Ao ser indagado sobre um projeto de turismo que está nos planos da prefeitura, manifestou grande interesse. “Eu tenho uma ideia que gostaria que chegasse ao prefeito, que é a construção de um teleférico", anunciou, acrescentando que esta era a primeira vez que abordava o assunto. José David aponta para a antiga Igreja de Santa Rita, de onde poderia partir o teleférico. “Ele poderia passar por outro local de altura mediana e terminaria em outro mais alto", apontando para o lado montanhoso da região. “Aquela [aponta para o repórter] é a Pedra da Congonha. Pode construir um hotel lá em cima, um restaurante panorâmico. Dá para imaginar como a região seria valorizada e o empreendimento traria mais divisas para o município?", comentou entusiasmado. A esse projeto, segundo ele, poderia ser agregado também um outro, de canalização do esgoto da região e aproveitamento da abundância da água para a construção de poços para banhos no curso do rio, o que, além de uma nova opção para moradores e visitantes, evitaria o fluxo de veículos ao interior da mata, de modo a preservá-la.
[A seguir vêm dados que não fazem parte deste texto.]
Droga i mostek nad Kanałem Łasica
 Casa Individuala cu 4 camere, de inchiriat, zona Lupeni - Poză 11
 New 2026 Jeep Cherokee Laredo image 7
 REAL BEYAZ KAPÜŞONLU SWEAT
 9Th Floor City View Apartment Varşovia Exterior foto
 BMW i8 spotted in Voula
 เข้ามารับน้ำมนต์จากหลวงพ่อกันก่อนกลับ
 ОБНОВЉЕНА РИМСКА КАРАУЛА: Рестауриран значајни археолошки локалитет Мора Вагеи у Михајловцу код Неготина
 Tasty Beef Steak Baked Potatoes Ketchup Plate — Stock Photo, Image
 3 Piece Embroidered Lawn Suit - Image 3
Prefeitura quer implantar polo de turismo na região
Durante uma visita que fez a Xerém em janeiro último, acompanhado da reportagem do Capital, o prefeito Alexandre Cardoso anunciou com exclusividade a elaboração de um plano para que o distrito pudesse disputar o mercado turístico com Itaipava e que faria articulações de parcerias com a iniciativa privada. Antes, porém, o prefeito assinalou a importância da realização de obras de infra-estrutura, a maioria delas que foram entregues no último dia 14. Nos projetos constam ainda a implantação de um DPO, uma clínica da família e uma creche. O pacote prevê ainda arruamento novo na região e um conjunto de pousadas na cachoeira.
- Vamos fazer um programa para desenvolver e incentivar o turismo, de geração de empregos para os moradores. Nós querermos investir e criar pousadas e hotéis e disputar o mercado de turismo com qualidade. Vamos trabalhar junto com o Inea nesse sentido. Por que é que o morador de Caxias tem que ir para Teresópolis, Itaipava ou pro Rio de Janeiro? Nós temos que fazer o morador de Caxias ter essas opções aqui mesmo. Logicamente que não é um negócio que se faz em um ou dois anos. Mas estamos trabalhando nisso - antecipou o prefeito.